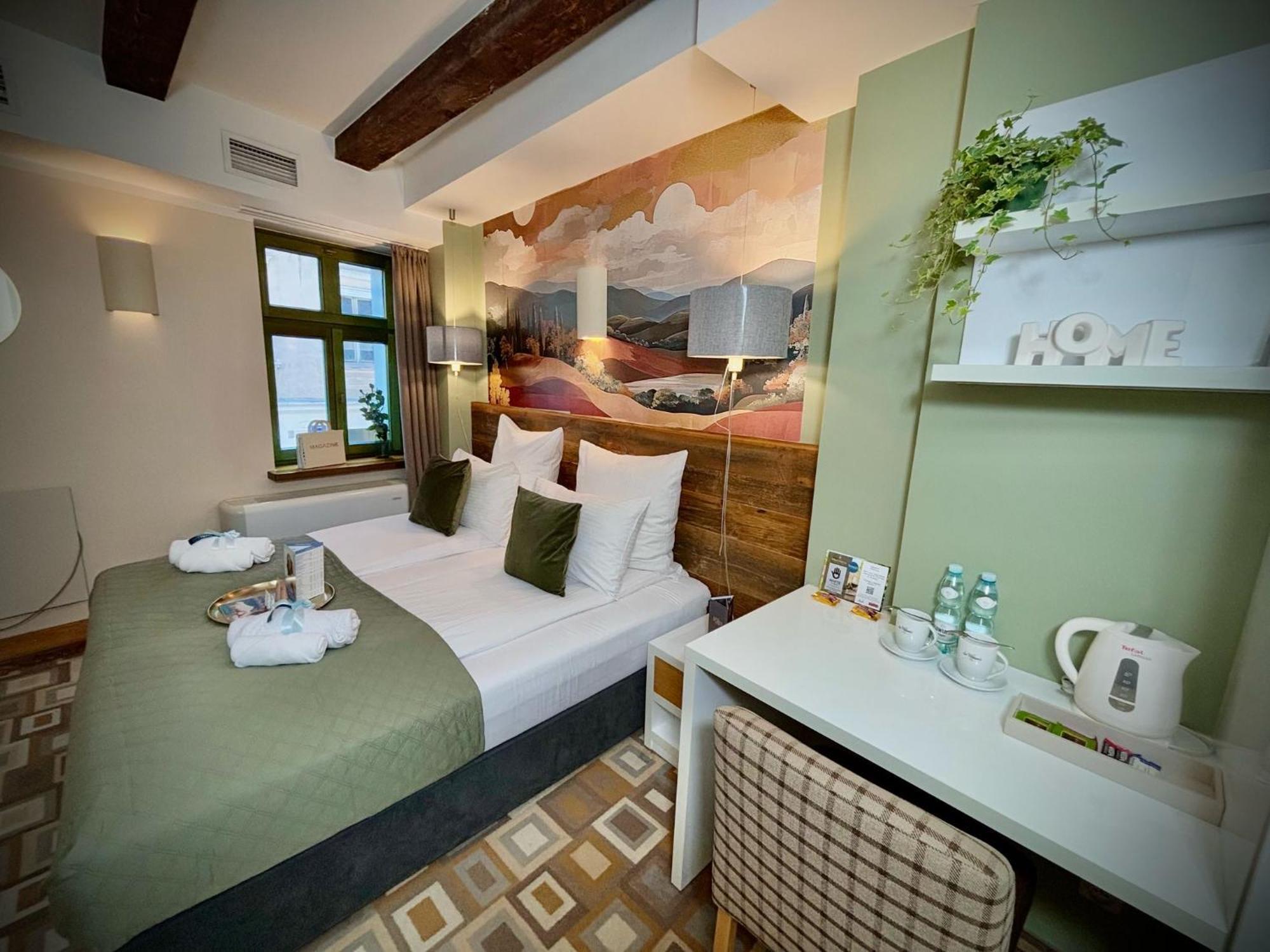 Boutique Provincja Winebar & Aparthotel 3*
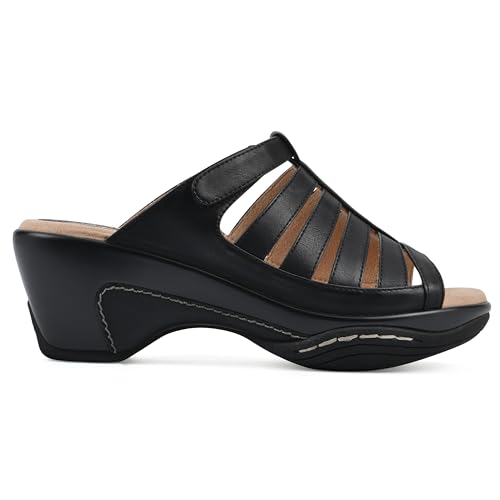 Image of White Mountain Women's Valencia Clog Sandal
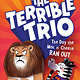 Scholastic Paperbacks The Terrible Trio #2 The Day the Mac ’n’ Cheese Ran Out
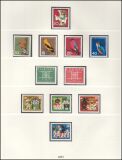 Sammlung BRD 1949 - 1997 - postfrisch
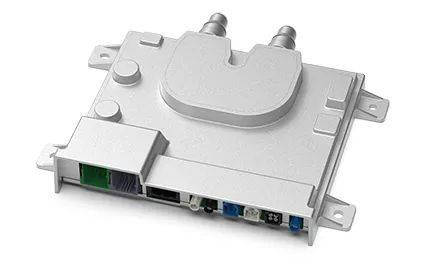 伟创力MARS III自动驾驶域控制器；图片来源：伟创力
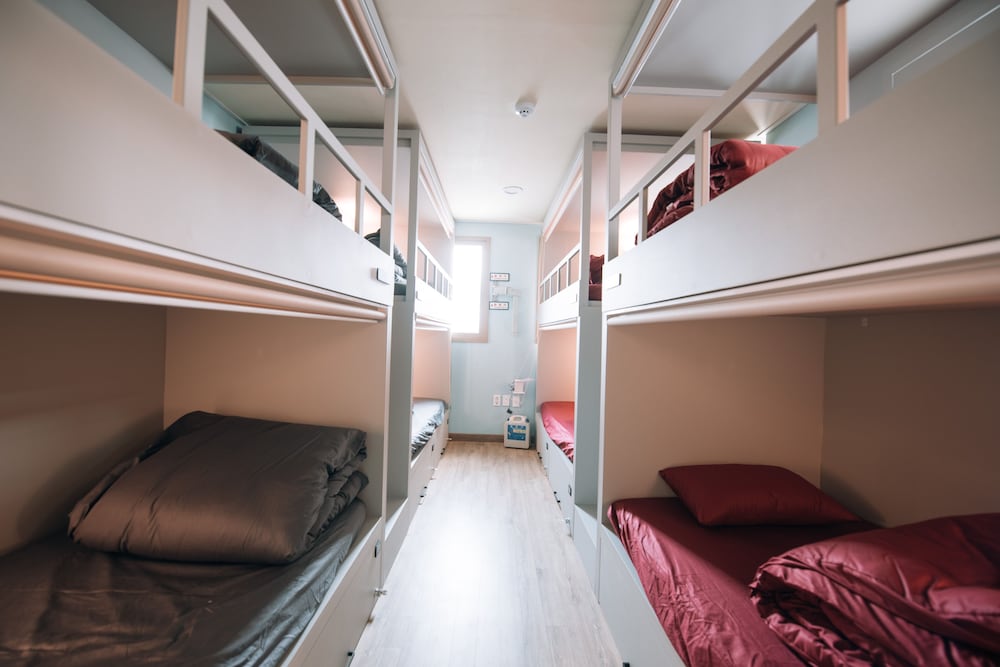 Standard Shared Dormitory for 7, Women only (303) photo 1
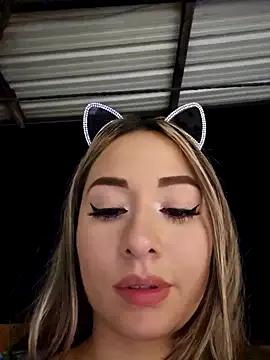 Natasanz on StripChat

----------

TRY IT => Lines from the one holding "Sammlung BRD 1949 - 1997 - postfrisch" down to the last line of the entries above must be retyped exactly, inclusive of both, with no pictures and nothing else.

SOLVED EXERCISE =>
 Sammlung BRD 1949 - 1997 - postfrisch
 伟创力MARS III自动驾驶域控制器；图片来源：伟创力
 Standard Shared Dormitory for 7, Women only (303) photo 1
 Natasanz on StripChat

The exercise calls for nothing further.